Estimates for fever were not restricted to children aged 0–4 years with a positive RDT test. Although the proportion (or prevalence) of malaria-related fever decreases with declining transmission [40, 41], some fever cases are still treated presumptively in many settings due to several logistical and operational challenges including the availability of diagnostics, and patient or clinician behaviour [42,43,44]. Consequently, without the use of parasitological testing, fever cases are undistinguishable from other childhood infections such as respiratory tract infections [45, 46]. In addition, limitations around individual perception of fever, the possibility of multiple episodes of fever within the 14-day window, and recall bias remain [47]. Thus, the current national cluster-sample surveys may underestimate fever prevalence if multiple episodes with varying duration occur within the 14 days preceding the survey. In addition, there are possible limitations of not mimicking the practical realities of these surveys in the Bayesian modelling framework (including cost, and the quality of data collection during fieldwork or non-sampling errors) [48, 49]. While budget plays a role at sample selection stage in addition to other factors such as implementing agency, the aim was to investigate the optimal sample sizes independent of costs in varying transmission intensity settings. The DHS survey, for example, requires a longer fieldwork period (> 6 months) due to the expansive nature of the questionnaire, which presents additional seasonal challenges compared to the MIS (maximum 4 months). Lastly, it is important to note that the objective of the study was not to examine sub-national or fine-scale spatial variation (spatial and temporal heterogeneities) in clustering and prevalence of these indicators, nor to quantify the determinants or drivers of prevalence in the current survey data. Such analysis is carried out as part of mapping studies [50,51,52], and in studies on the role of environmental drivers in quantifying risk [53,54,55]. Sub-national precision estimation could, however, be explored by future surveys aiming for more localized survey designs. However, it will be beneficial to first evaluate the costs and benefits of such an adaptation.

Conclusion

Surveys are often used to provide timely information at a national level. In practice, however, there is usually a trade-off between providing high precision and resource availability at a national level. Firstly, this study highlights the importance of defining indicator-relevant sample sizes, and using biomarkers as reference sampling indicators to achieve the required precision in the current nationally representative surveys.
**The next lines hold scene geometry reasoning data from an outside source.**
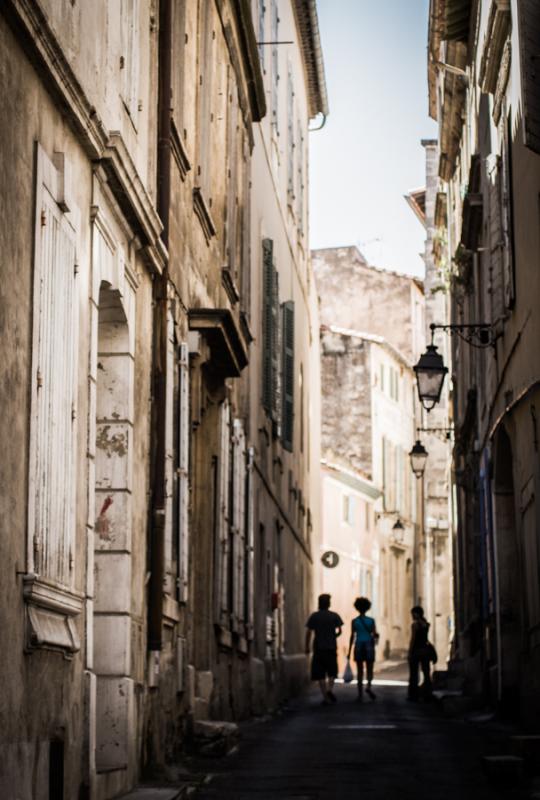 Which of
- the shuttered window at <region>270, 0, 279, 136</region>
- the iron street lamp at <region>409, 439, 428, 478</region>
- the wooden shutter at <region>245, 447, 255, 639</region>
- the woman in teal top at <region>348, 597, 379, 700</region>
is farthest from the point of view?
the iron street lamp at <region>409, 439, 428, 478</region>

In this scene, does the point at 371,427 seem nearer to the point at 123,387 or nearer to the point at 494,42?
the point at 494,42

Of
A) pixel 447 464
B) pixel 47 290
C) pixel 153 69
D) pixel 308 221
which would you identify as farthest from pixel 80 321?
pixel 447 464

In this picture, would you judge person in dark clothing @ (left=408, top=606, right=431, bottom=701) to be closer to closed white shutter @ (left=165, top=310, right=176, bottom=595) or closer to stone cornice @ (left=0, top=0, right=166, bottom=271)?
closed white shutter @ (left=165, top=310, right=176, bottom=595)

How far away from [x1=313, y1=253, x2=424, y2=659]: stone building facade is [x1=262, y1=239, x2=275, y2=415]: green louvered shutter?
924 inches

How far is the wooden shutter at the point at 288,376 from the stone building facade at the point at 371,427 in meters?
19.4

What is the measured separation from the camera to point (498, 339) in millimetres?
18062

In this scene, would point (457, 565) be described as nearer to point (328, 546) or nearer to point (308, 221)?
point (308, 221)

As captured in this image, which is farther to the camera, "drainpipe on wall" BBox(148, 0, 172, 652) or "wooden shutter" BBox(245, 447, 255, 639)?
"wooden shutter" BBox(245, 447, 255, 639)

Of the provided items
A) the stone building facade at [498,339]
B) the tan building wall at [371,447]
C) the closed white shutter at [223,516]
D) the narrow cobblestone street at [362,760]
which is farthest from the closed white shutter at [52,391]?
the tan building wall at [371,447]

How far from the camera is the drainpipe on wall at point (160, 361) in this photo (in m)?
11.4

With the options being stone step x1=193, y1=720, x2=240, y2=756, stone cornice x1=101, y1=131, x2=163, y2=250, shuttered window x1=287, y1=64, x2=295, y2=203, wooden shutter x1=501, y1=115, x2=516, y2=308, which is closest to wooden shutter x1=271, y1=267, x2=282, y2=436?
shuttered window x1=287, y1=64, x2=295, y2=203

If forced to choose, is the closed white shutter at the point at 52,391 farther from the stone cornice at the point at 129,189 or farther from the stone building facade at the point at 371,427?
the stone building facade at the point at 371,427

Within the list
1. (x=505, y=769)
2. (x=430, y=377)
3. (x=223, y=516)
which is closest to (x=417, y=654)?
(x=430, y=377)

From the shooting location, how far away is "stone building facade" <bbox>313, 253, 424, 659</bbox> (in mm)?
49344
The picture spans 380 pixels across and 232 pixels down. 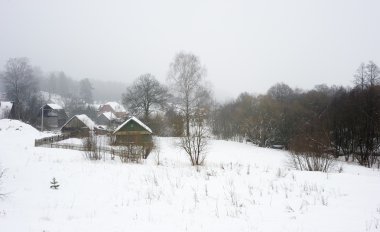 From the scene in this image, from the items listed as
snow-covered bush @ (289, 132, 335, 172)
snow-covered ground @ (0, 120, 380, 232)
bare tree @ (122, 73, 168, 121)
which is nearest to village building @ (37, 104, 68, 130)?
bare tree @ (122, 73, 168, 121)

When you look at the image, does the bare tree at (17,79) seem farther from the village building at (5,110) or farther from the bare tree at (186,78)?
the bare tree at (186,78)

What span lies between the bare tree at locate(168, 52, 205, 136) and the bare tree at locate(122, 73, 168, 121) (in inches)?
299

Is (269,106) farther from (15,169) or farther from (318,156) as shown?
(15,169)

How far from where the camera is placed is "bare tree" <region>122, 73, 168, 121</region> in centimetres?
4650

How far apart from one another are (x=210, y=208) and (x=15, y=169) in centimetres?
971

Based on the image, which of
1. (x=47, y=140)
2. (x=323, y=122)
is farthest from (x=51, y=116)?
(x=323, y=122)

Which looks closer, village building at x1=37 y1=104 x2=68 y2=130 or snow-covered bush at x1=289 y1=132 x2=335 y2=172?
snow-covered bush at x1=289 y1=132 x2=335 y2=172

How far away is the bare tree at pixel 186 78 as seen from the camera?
1505 inches

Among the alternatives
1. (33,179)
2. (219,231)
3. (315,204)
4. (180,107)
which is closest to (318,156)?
(315,204)

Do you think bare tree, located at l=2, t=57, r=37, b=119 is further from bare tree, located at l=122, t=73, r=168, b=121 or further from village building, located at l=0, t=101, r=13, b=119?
bare tree, located at l=122, t=73, r=168, b=121

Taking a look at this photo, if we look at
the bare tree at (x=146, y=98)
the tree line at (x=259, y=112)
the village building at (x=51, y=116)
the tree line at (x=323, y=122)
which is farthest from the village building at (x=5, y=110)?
the tree line at (x=323, y=122)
Secondly, the study highlighted that obtaining valid and reliable high quality data for monitoring biomarkers will require expanding current surveys especially in the context of declining prevalence [56]. A major impediment to achieving this, however, is the degree and size of funding allocated to these surveys. The DHS and the Multiple Indicator Cluster Surveys include many more variables and biomarkers such as HIV testing. Thus, while an extended analysis on variability at cluster level in other indicators will also be beneficial, new approaches are required to increase the validity and precision of current surveys including links between household surveys and the administrative level health information systems data.